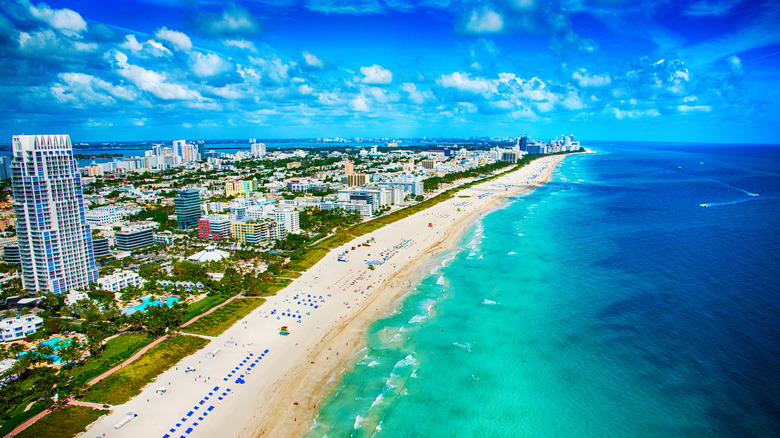 A drone view of the coastline along Miami Beach, Florida, with the sea and sand and hotels lining the beaches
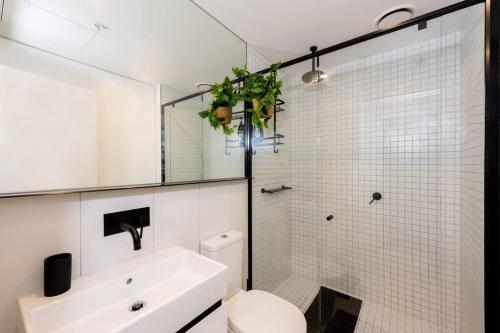 a bathroom with a sink and a toilet and a shower at COZY Melbourne Southbank - 2 Bedroom Apartment with Balcony & FREE Parking in Melbourne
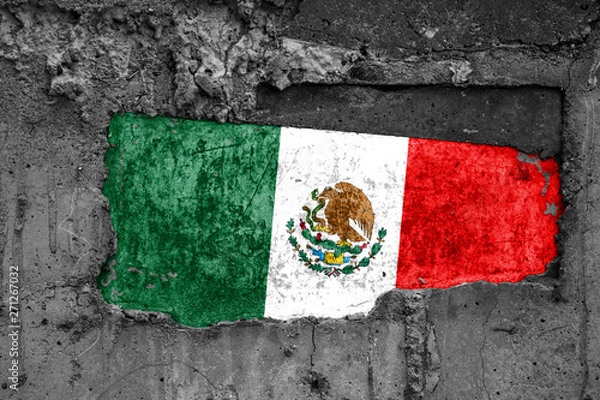 Fototapeta The flag of Mexico on a dirty wooden surface, built into a concrete base, with scuffs and scratches. Loss or destruction conception.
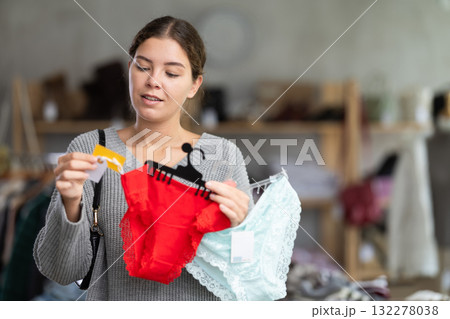 Uncertain young girl choosing panties in clothing store 132278038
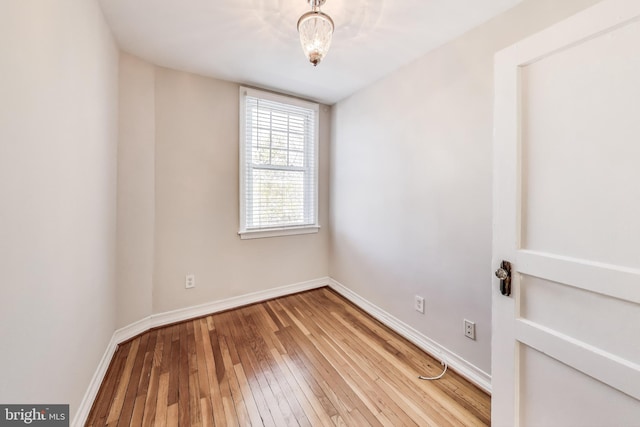 spare room featuring hardwood / wood-style floors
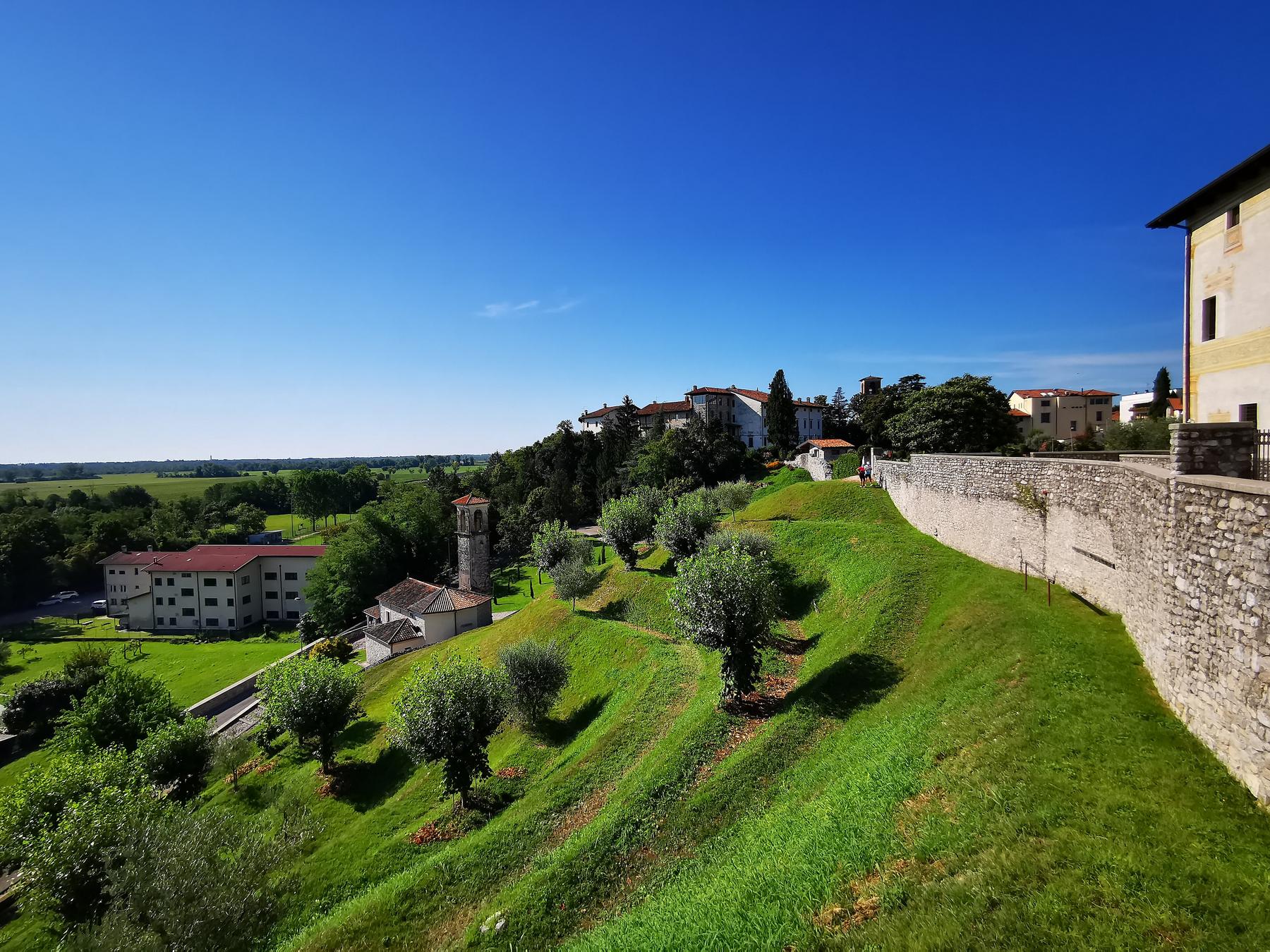 Green slopes and old walls below Spilimbergo's castle hill looking over the plain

EXERCISE REQUIREMENTS = Nothing but the lines from the top of the data above through the line containing "a bathroom with" should be output, exactly as written and without the pictures.

EXERCISE SOLUTION =
 A drone view of the coastline along Miami Beach, Florida, with the sea and sand and hotels lining the beaches
 a bathroom with a sink and a toilet and a shower at COZY Melbourne Southbank - 2 Bedroom Apartment with Balcony & FREE Parking in Melbourne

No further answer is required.